Momentum remains despite growing M&A obstacles

Clifford Chance global M&A update and outlook for H2 2017

  • A 'wait and see' approach by companies congests the M&A pipeline
  • Organisations have the cash and dry powder to do deals
  • Darwinian anxieties and the need for new routes to growth drive strategic minority investments in innovative businesses
  • Emerging 'ways through' capital controls and robust antitrust requirements

The remainder of 2017 could see significantly more deal activity, says Clifford Chance in its Global M&A update, in part underpinned by companies' willingness to spend on technologies and innovation to compete and stay ahead.

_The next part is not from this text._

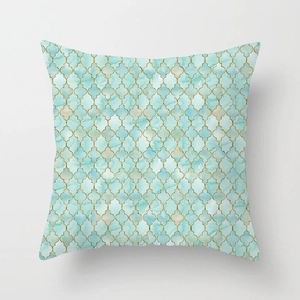Mint green geometric throw pillow cover with golden Moroccan pattern on white background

Clifford Chance, global head of M&A, Guy Norman, said:

'Shareholder voices and activism are leading to corporate break-ups, sales of non-core assets and new acquisitions. The low-growth environment continues to drive boards to take action, which is promising for activity levels as we head to the year end.'

The past few weeks have already seen a number of cross-border deals announced, including Vantiv/Worldpay, Cheung Kong's purchase of ista and the US$12bn bid by a Chinese consortium to take Singapore's Global Logistic Properties private.

The first half of 2017 had been sluggish, with M&A activity down by 24% by value in H1, compared to the previous six months. A 'wait and see' approach pervaded many multinationals' boardrooms as a cocktail of Chinese capital outflow curbs, political instability and economic uncertainty put a brake on deals. Rising government, antitrust and regulatory hurdles in many jurisdictions added extra complexity.

Antitrust hurdles

Despite the high demand data-rich companies, their sale or purchase now raises full-blown competition issues (at least in Europe) which make multi-jurisdictional transactions far more likely to be scrutinised or challenged where there is a significant data element.

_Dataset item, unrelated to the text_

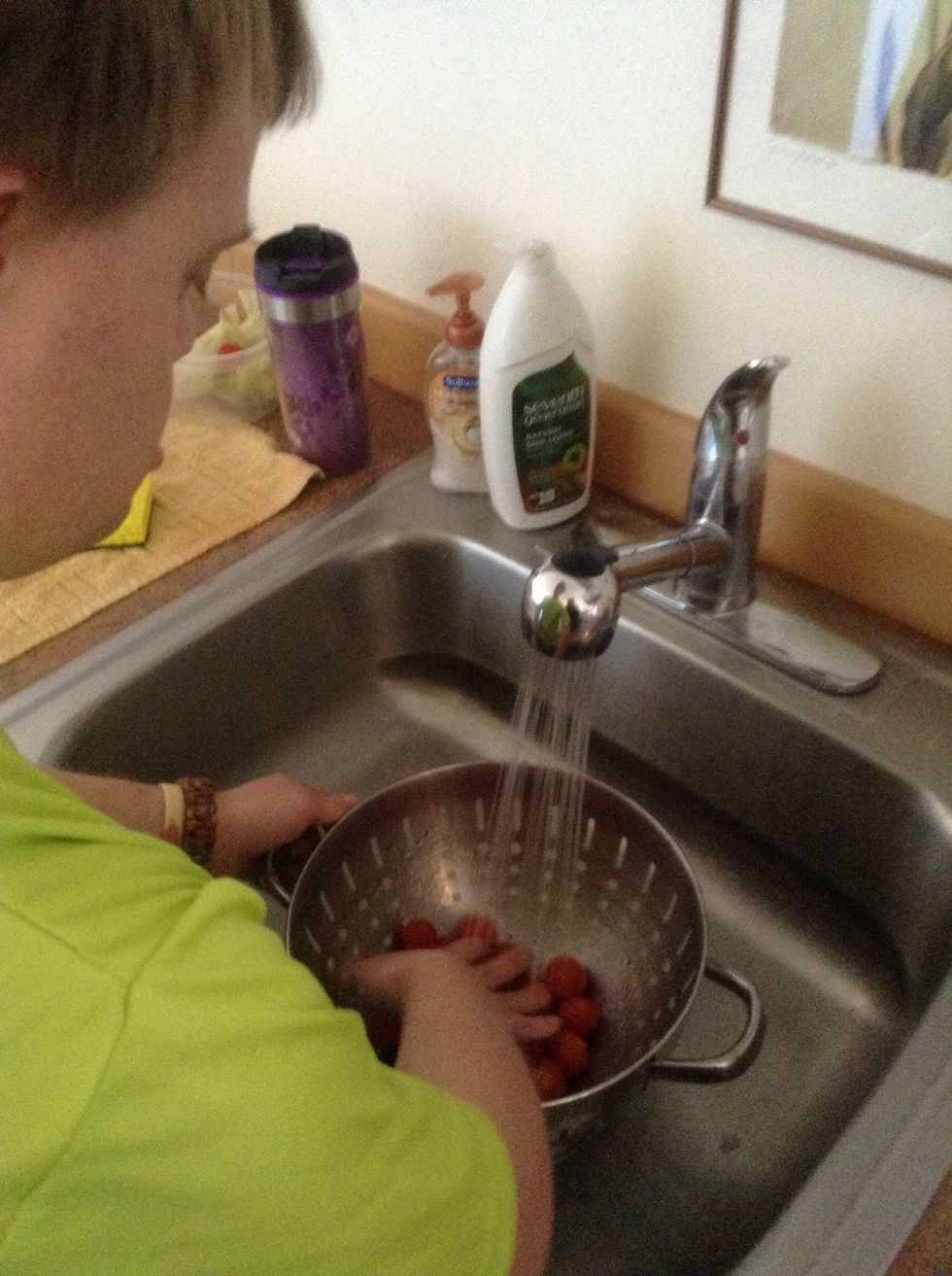 Gently pour tomatoes into colander and wash in sink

Clifford Chance antitrust partner, Nelson Jung, London, said:

'Globally we are seeing increasingly inconsistent merger-control procedures and greater scrutiny of foreign takeovers on non-competition grounds. Navigating these complexities requires careful planning, understanding of local sensitivities and early identification of remedies.'

Private Equity

Record levels of dry powder are driving activity in private equity, as financial investors look to capitalise on volatile currency markets and corporate break-ups.

Clifford Chance, M&A partner, Christopher Sullivan, London, said:

'There are always opportunities for the agile, but in a time of continuous disruption, this is particularly the case.'

China capital curbs

China's restrictions on capital outflows have meant a clampdown on Chinese investment in non-core or 'irrational' purchases, including real estate, hotels, movie studios, entertainment and sports clubs. Deals that support China's 'One belt One Road' strategy are likely to fare far better. The Clifford Chance update includes tips on innovative deal structures and approaches more likely to succeed.

Clifford Chance M&A partner in Shanghai, Glen Ma, said:

'Using innovative security and fund flow structures, we are helping bidders address the regulations in a meaningful way, while ensuring the deals get done.'

Regionally, deal activity in Europe remained robust in the first half of the year, with Germany continuing to out-perform, due in part to strong domestic and inbound activity from the US (eg. Praxair/Linde) and prioritisation by Asia Pacific bidders. A flat US market saw some strong inbound activity from Europe, including the UK's BAT and Reckitt Benckiser both making bids for US assets. In Latin America, Africa and Asia Pacific, deal activity was down in the first half of 2017. The Middle East saw strong activity in H1 2017, with rising inbound investment from North America.